## RECORDED INFORMATION
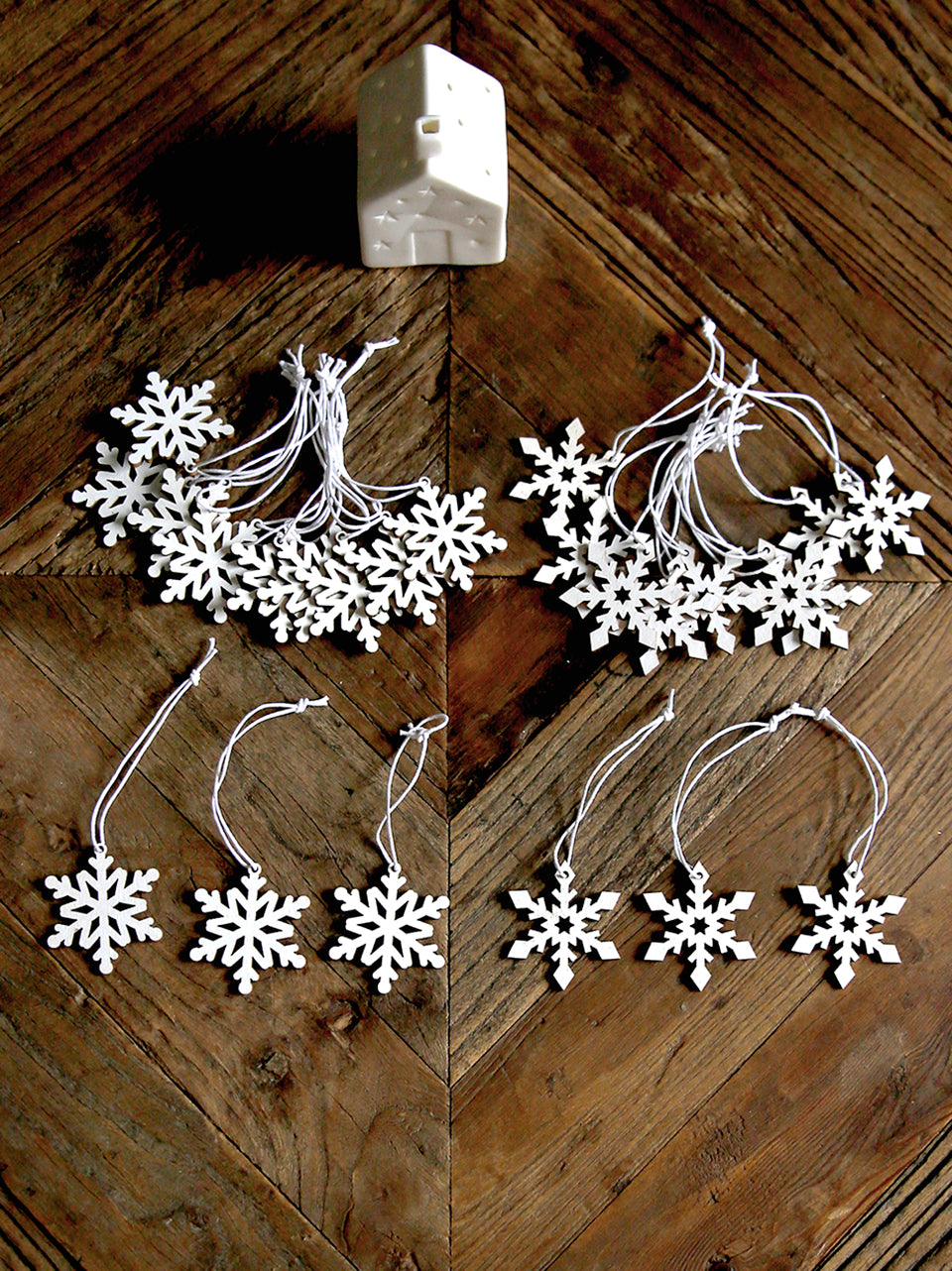 Set di 24 fiocchi di neve in legno bianco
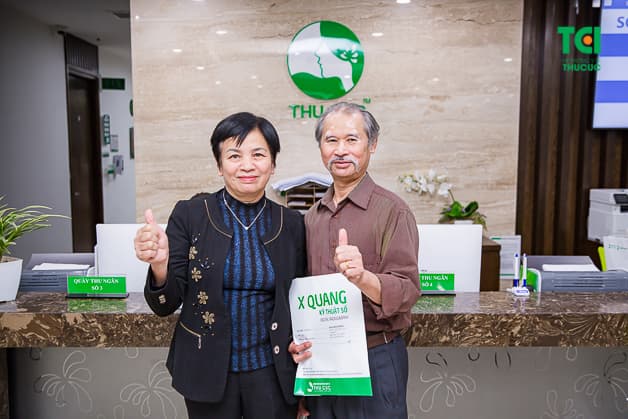 Bác Phóng đánh giá hài lòng khi được trải nghiệm dịch vụ thăm khám tại Thu Cúc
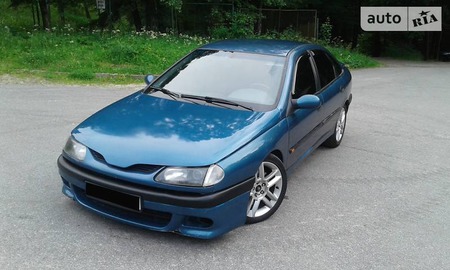 Renault Laguna 1995  випуску Львів з двигуном 3 л газ хэтчбек автомат за 3700 долл. 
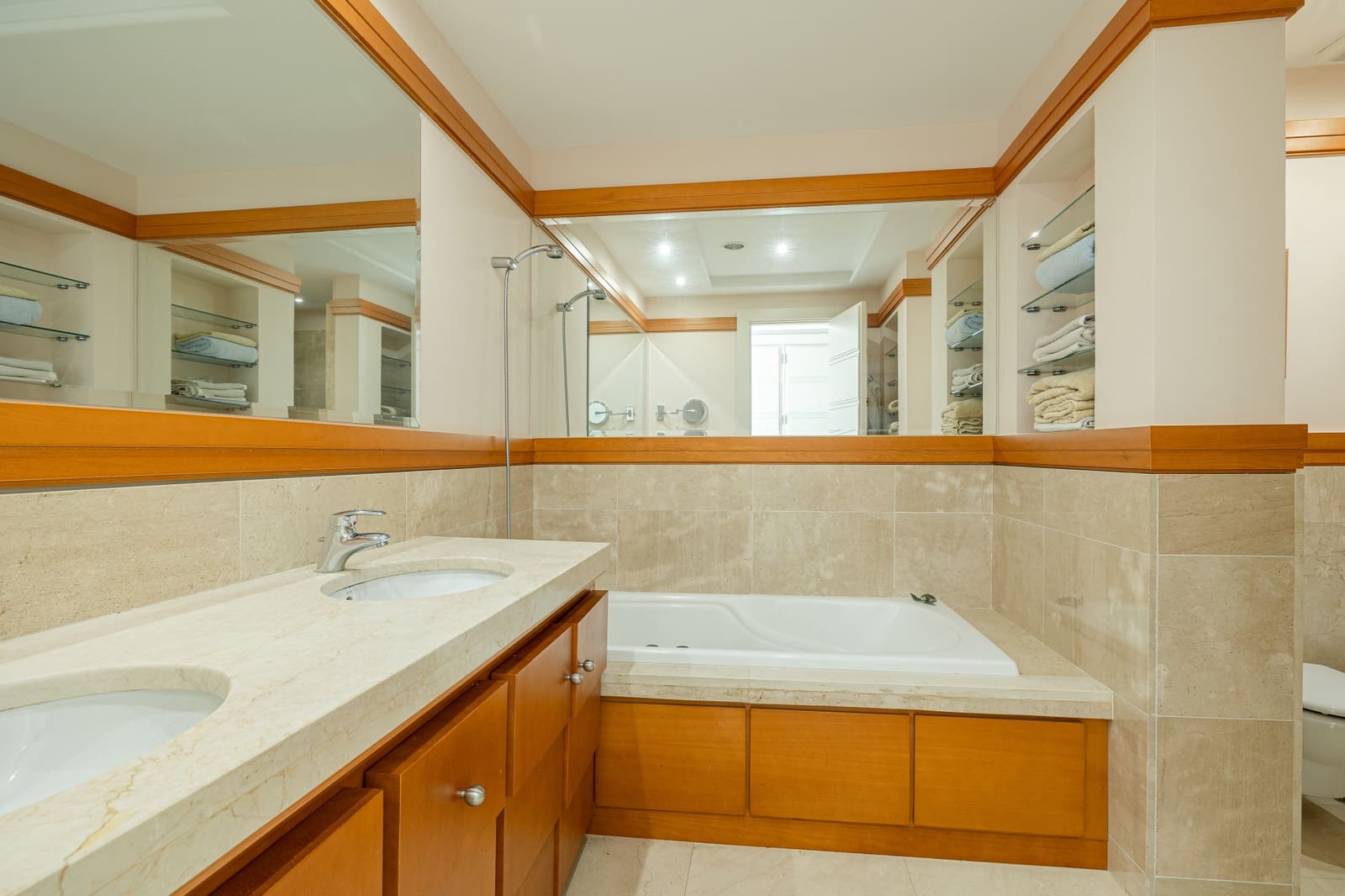 2 bedroom Apartment for sale in Marbella with pool garage - € 2,680,000 (Ref: 9731897)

## TASK ITEM
Output the data exactly, pictures omitted.

## OUTPUT
 Set di 24 fiocchi di neve in legno bianco
 Bác Phóng đánh giá hài lòng khi được trải nghiệm dịch vụ thăm khám tại Thu Cúc
 Renault Laguna 1995  випуску Львів з двигуном 3 л газ хэтчбек автомат за 3700 долл. 
 2 bedroom Apartment for sale in Marbella with pool garage - € 2,680,000 (Ref: 9731897)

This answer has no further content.